The Temporal and Weather Data Analysis on NYC Yellow Taxi Ridership Demands

Abstract:

Several researches have been done since The NYC Taxi & Limousine Commission has released the detailed historical dataset covering over 1.1 billion individual taxi trips, from January 2009 through June 2016. Many Data scientists have examined this dataset passionately, in order to discover this great city’s neighborhoods, nightlife, airport traffic, and more. In this contribution, the likelihood of occurrence of long taxi trips during the day and night has been studied, as well as the relationship of weather and taxi demands. The present study has investigated NYC yellow taxi trips by looking at the two months period of 2016(January and June) based on the temporal factors and weather condition. The results show it was more likely long trip would occur during the nighttime compares to daytime, and the snow depth does greatly affect the demand of taxi trips, but precipitation does not display evident correlation with demand of taxi rides.

Keywords: NYC, yellow taxi, data, demand

Introduction:

It is generally known that: Fridays’ and Saturdays’ nights are the busiest time period during the week, or bad weather could also help to drive up taxi demands. This paper is aimed to study the occurrence frequency of longer taxi trips during the different set of time of the day. Study taxi ridership data could be helpful for the allocation car services based on weekly prediction. Reduce further traffic by helping taxi drivers to better understand when could be the best time to work. Companies like Uber or Lyft would love to optimize their allocation of their drivers to maximize the efficiency and improve the personal car services.

Data:

Taxi trip data:

Source: NYC Taxi & Limousine Commission - NYC.gov

Since there will be time series analysis, the taxi data from NYC.gov has included the time of the trip occurring, both the pick-up time and drop-off time, and the total fare as well as the individual travel distance. Pandas’ data frame was used throughout the data processing.

1. Read Jan 2016 taxi trip data into pandas’ dataframe use read_csv.

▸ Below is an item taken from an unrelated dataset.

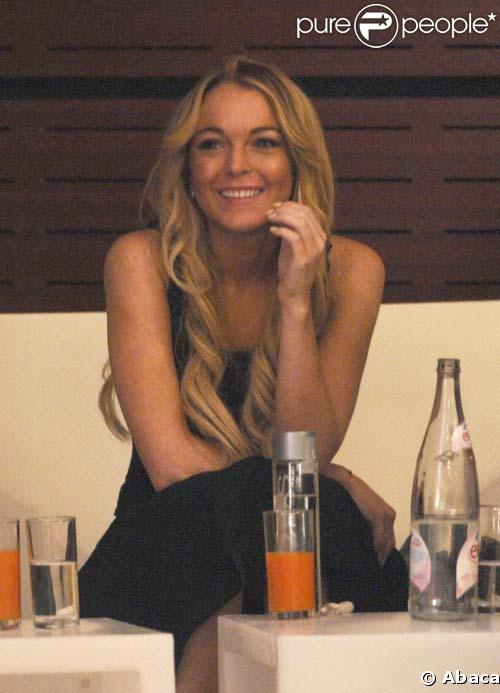 Lindsay Lohan se promène à Paris, le 13/05/08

Random chose subset for 20000 rows;

2. Cleaned the data by drop out meaningless rows, such as rows with same values in both pickup time and drop-off time, or zero value in trip fare.

3. Visualized the data using Seaborn to have a general idea of the data (distance and fare); Identified outliers.

4. Divided the data into two categories using time series : daytime and nighttime, which the cut is Daytime (from 6:00 to 18:00), Night time (from 18:00 to 6:00);Chose 2 sigma threshold of taxi fare amount to obtain the longer trip.

5. Grouped-by and counted the time series data by different weekdays; Normalization of the absolute counts also took consideration of statistical error.

6. Repeated the process for the June 2016 data.